• Raw data

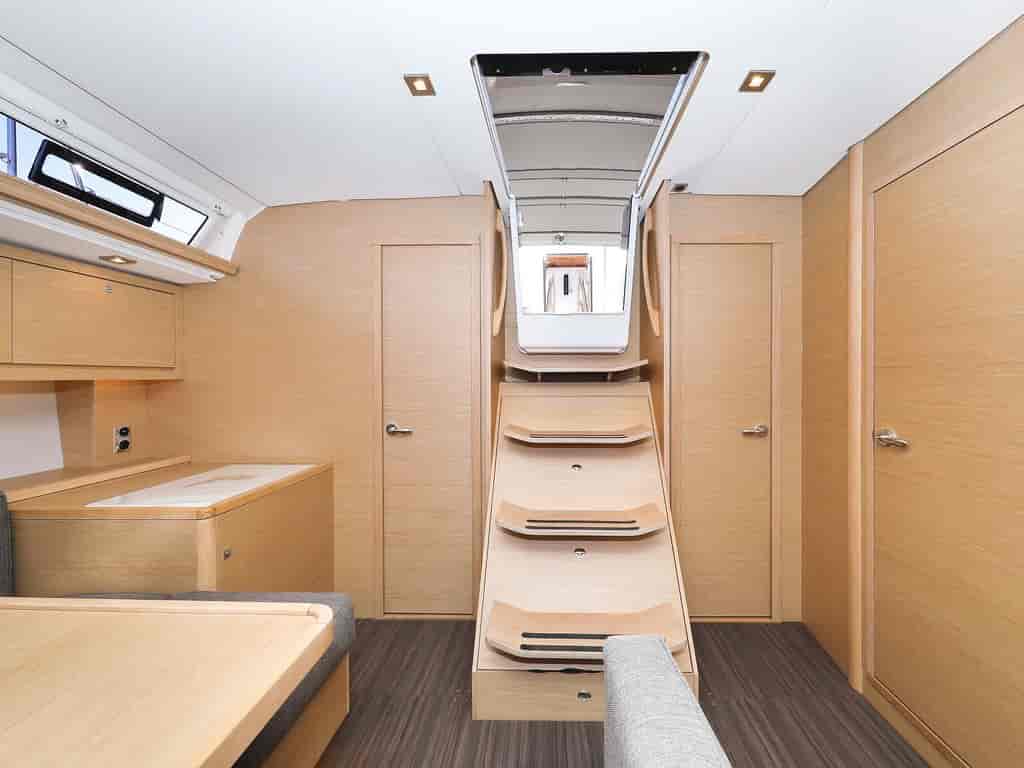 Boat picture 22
* * *
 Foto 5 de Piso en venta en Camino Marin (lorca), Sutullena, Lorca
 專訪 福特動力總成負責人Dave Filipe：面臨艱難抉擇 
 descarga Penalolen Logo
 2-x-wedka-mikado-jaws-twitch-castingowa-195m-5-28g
...
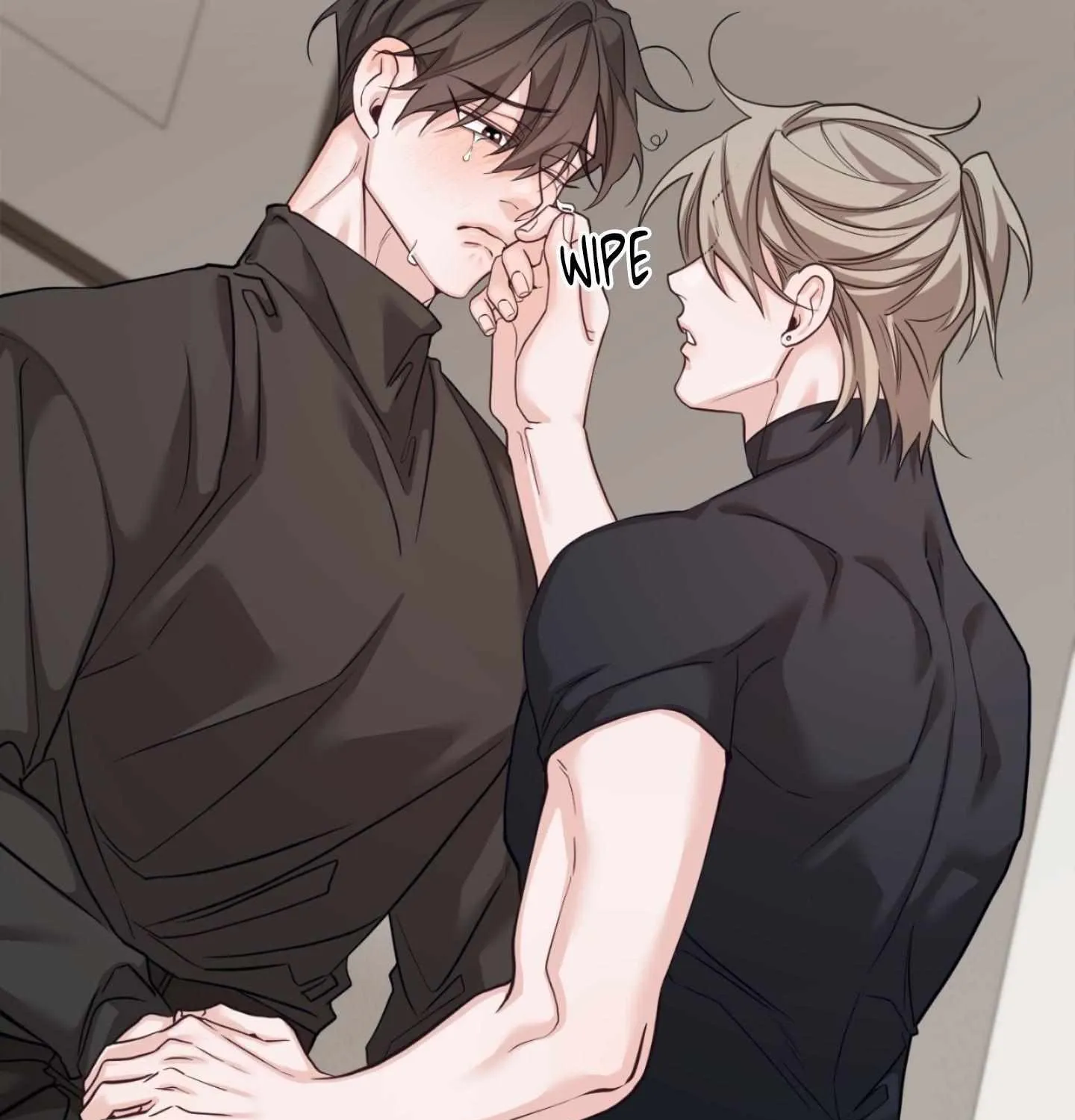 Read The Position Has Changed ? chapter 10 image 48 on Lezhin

• What the task asks
Among the entries above, the lines between the ones containing "Foto 5 de Piso" and "2-x-wedka-mikado-jaws-twitch-castingowa-195m-5-28g", inclusive, are to be transcribed exactly. No other line is to be given.

• Response area
 Foto 5 de Piso en venta en Camino Marin (lorca), Sutullena, Lorca
 專訪 福特動力總成負責人Dave Filipe：面臨艱難抉擇 
 descarga Penalolen Logo
 2-x-wedka-mikado-jaws-twitch-castingowa-195m-5-28g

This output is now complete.